Task brief — Pictures are to be left out, but please repeat each record exactly.

Record excerpts —
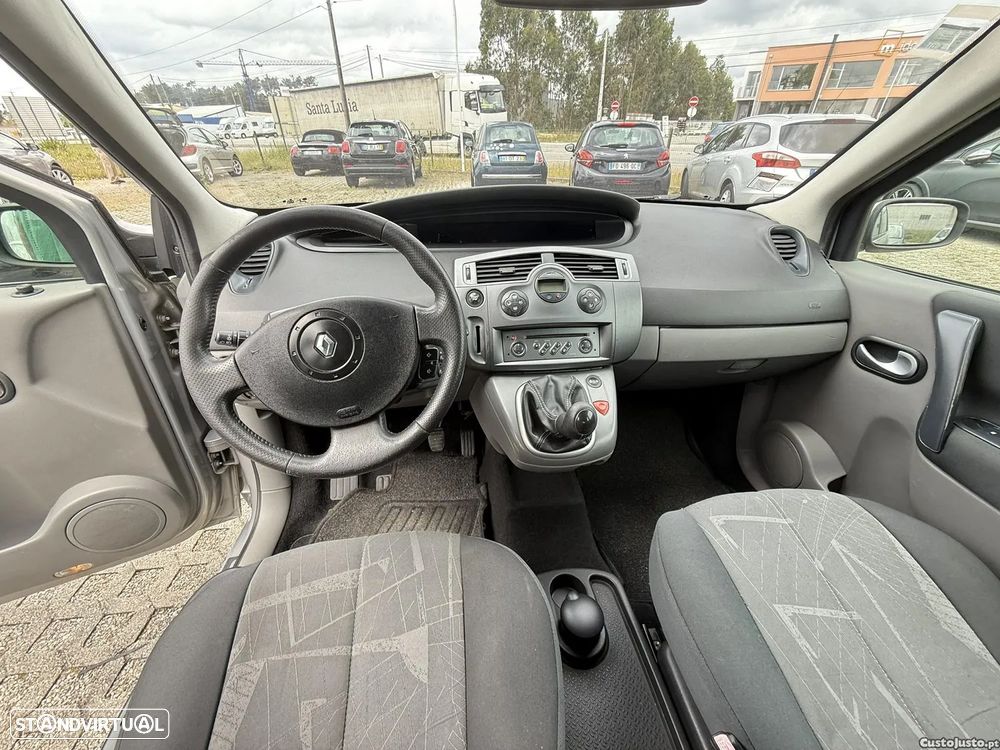 Renault Scénic 1.5 dCi Confort - 15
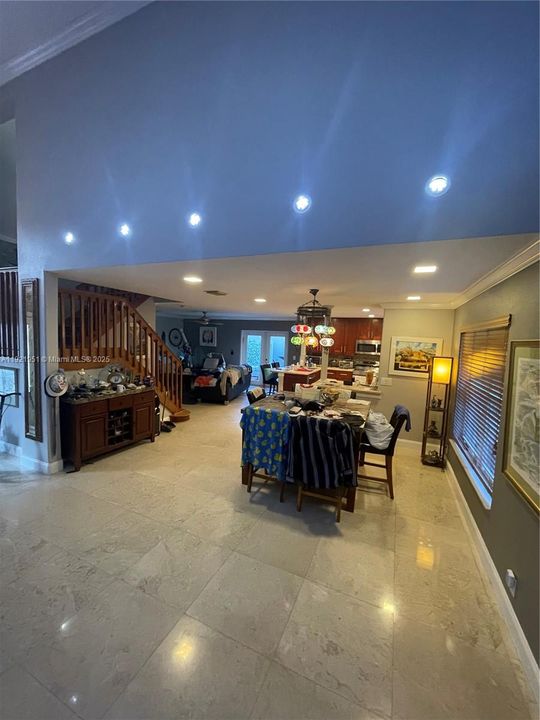 For Rent: $5,300 (3 beds, 2 baths, 2015 Square Feet)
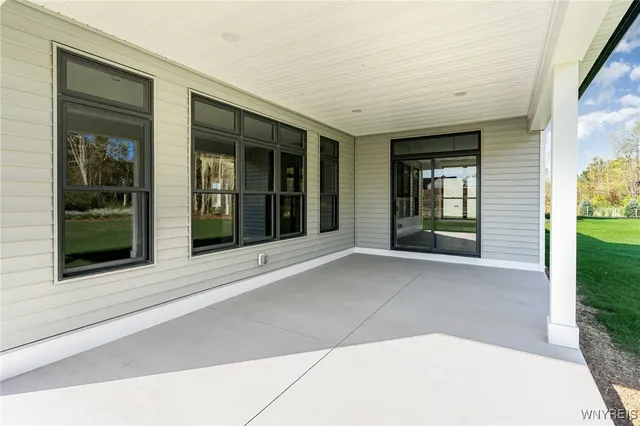 $1,124,900 | 5201 Kandefer's Trail, Buffalo, NY 14221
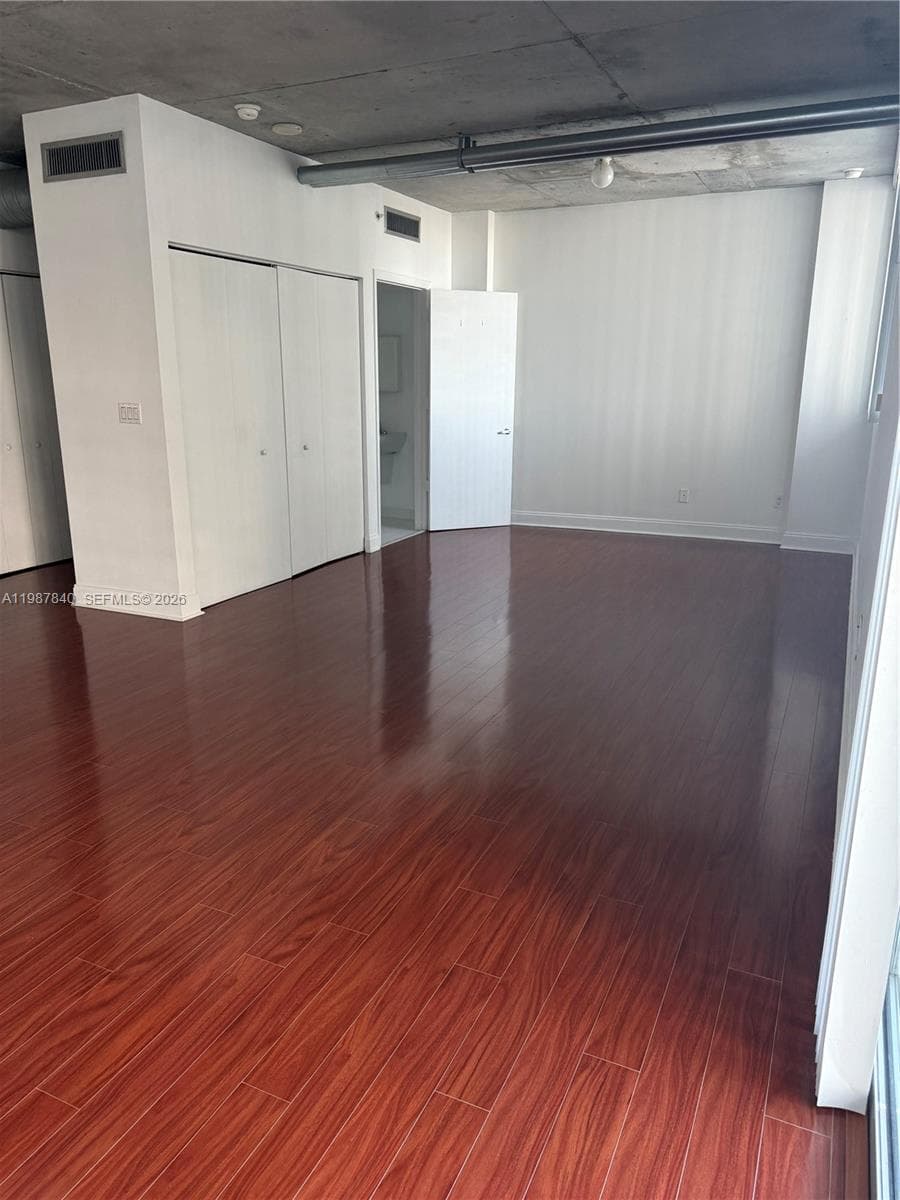 690 1st Ct 2330 photo 3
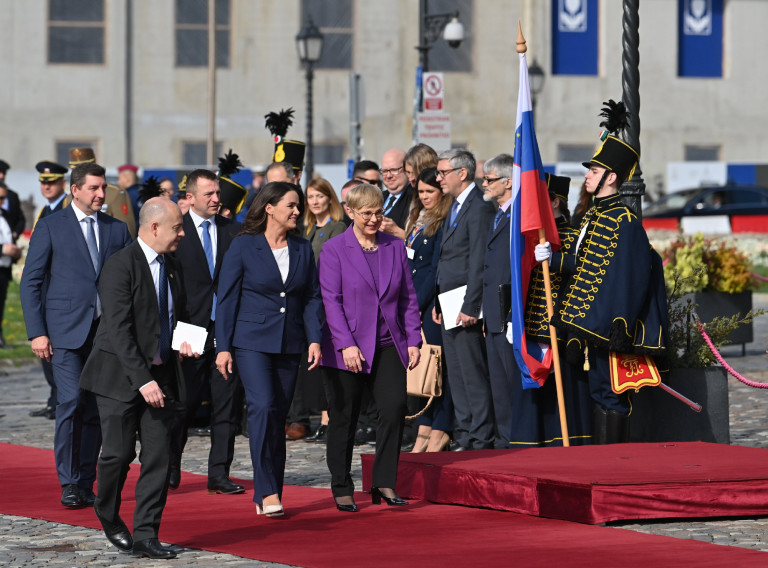 Novák Katalin: Nem fogjuk a férjeinket és a gyermekeinket az ukrán frontra küldeni!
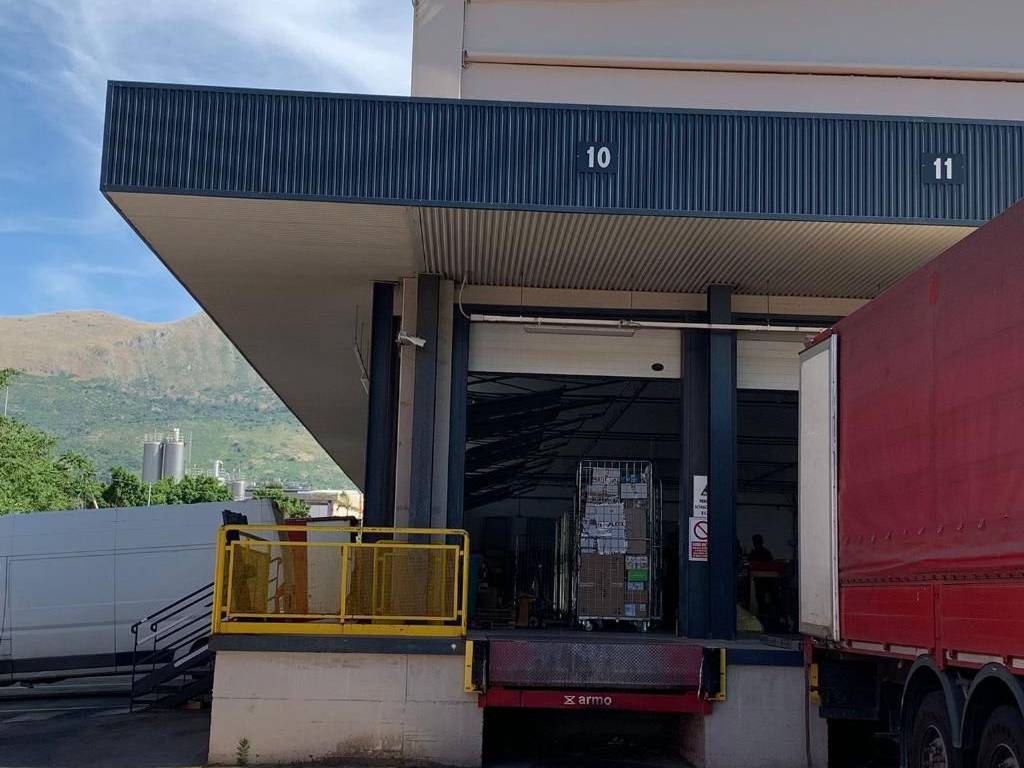 casa indipendente in vendita a Carini in zona Bivio Foresta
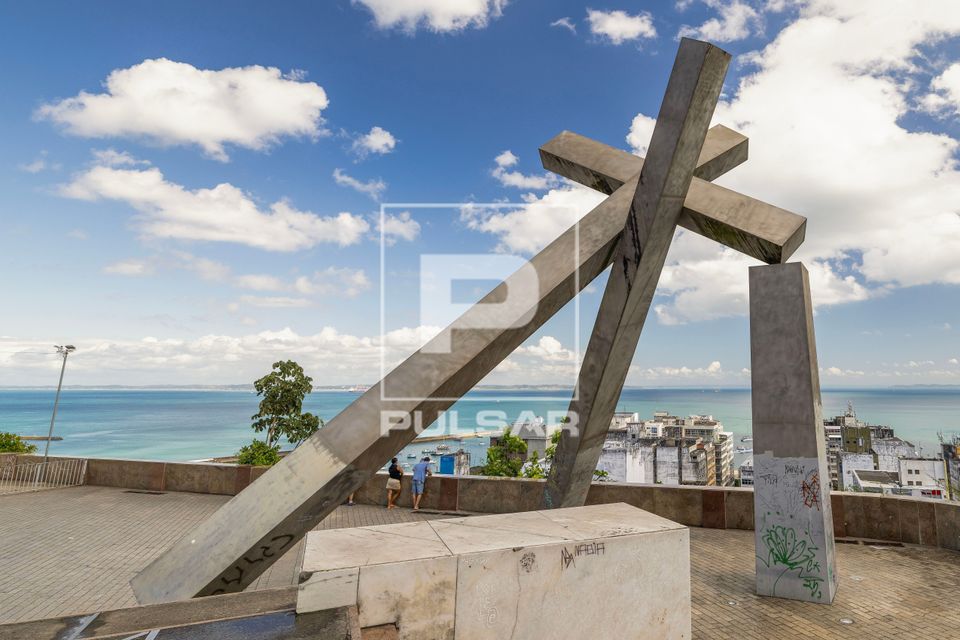 Monumento da Cruz Caída rememora a demolição da antiga Igreja da Sé - obra de Mário Cravo Júnior - praç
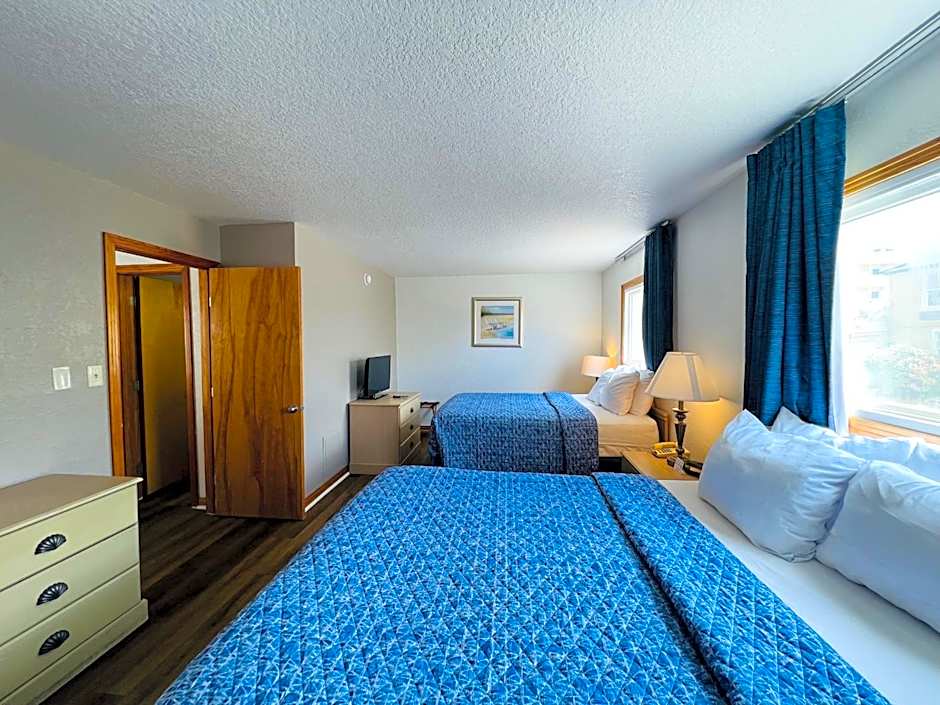 Photo 1 of 2 of 2 Queen Beds Suite, Ocean front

Solution for this exercise —
 Renault Scénic 1.5 dCi Confort - 15
 For Rent: $5,300 (3 beds, 2 baths, 2015 Square Feet)
 $1,124,900 | 5201 Kandefer's Trail, Buffalo, NY 14221
 690 1st Ct 2330 photo 3
 Novák Katalin: Nem fogjuk a férjeinket és a gyermekeinket az ukrán frontra küldeni!
 casa indipendente in vendita a Carini in zona Bivio Foresta
 Monumento da Cruz Caída rememora a demolição da antiga Igreja da Sé - obra de Mário Cravo Júnior - praç
 Photo 1 of 2 of 2 Queen Beds Suite, Ocean front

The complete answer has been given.